The controller processes the output signal from the sensor and uses the derivative of the sequence of measurements to identify the transitions in the output – the points where the measurement shifts from the rim region to the fluid surface region. By identifying both the rim position and the fluid surface position from the same scan sequence, the controller can calculate the fluid level relative to the rim of the receptacle, which is the practically useful quantity for instrument control.

The differential approach – using transitions in the derivative of the measurement sequence rather than absolute distances – makes the system more robust to variation in tube types and dimensions, since the rim-to-fluid differential is a property that can be extracted regardless of the absolute height of the tube or its position in the instrument. This enables the system to work reliably across the range of sample receptacle types found in a real clinical laboratory.

Key Features

Differential distance measurement. The system measures the level of fluid relative to the rim of the receptacle rather than from an absolute reference point, providing the operationally relevant measurement for automated liquid handling.

Sequential discrete measurement approach. A distance sensor obtains a sequence of measurements as it is moved relative to the receptacle, capturing both rim and fluid surface distances in a single scan pass.

Derivative-based feature identification. The controller uses the derivative of the measurement sequence to identify the rim and fluid surface positions from their characteristic transition signatures in the output signal.

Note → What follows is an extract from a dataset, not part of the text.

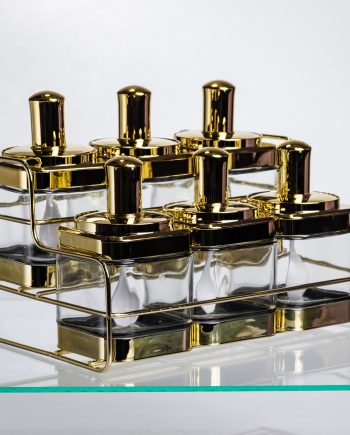 Набір банок для сипучих продуктів із ложкою 6 шт, золото HP-1337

Single-sensor multi-feature detection. The system identifies both the rim position and the fluid surface position from a single sensor scan, avoiding the complexity of separate sensing systems for each measurement.

Automated laboratory system integration. The invention is designed for integration into automated laboratory instruments that must rapidly and reliably characterise sample volumes across high-throughput analytical workflows.

Who Is Behind It?

Gen-Probe Incorporated is a San Diego-based molecular diagnostics company, now part of the Hologic group, specialising in nucleic acid amplification testing and automated laboratory systems for clinical and public health applications. The sole inventor named is Rolf Silbert, an engineer with expertise in automated laboratory instrument design. The application is filed through FB Rice Pty Ltd and is a divisional of an earlier filing (AU 2021259791), which was the Australian national phase entry of PCT/US2021/028719.

Why It Matters

Automated laboratory processing systems are central to the operation of modern clinical pathology departments. The accuracy and reliability with which these instruments handle samples directly affects the quality and reliability of laboratory test results – which in turn affects clinical decision-making for patients. Fluid level detection errors are a well-known source of analytical failures in automated systems, and improvements in the reliability of level sensing translate directly into improved analytical reliability and reduced instrument downtime.

The differential measurement approach described in this patent – computing fluid level relative to the rim rather than from an absolute reference – is a practical innovation that addresses the real-world variability of sample tubes in clinical use. By making the measurement more robust to the tube-to-tube variation that characterises actual laboratory practice, Gen-Probe’s system reduces the rate of aspiration errors and improves the overall analytical performance of the automated platform. For high-throughput pathology laboratories processing thousands of samples per day, even small improvements in error rates translate into meaningful reductions in repeat testing, instrument downtime and manual intervention.


AU 2026201610 was published in the Australian Official Journal of Patents on 19 March 2026 and is open for public inspection. Patent applications represent inventions that are sought to be protected and do not necessarily reflect commercially available products.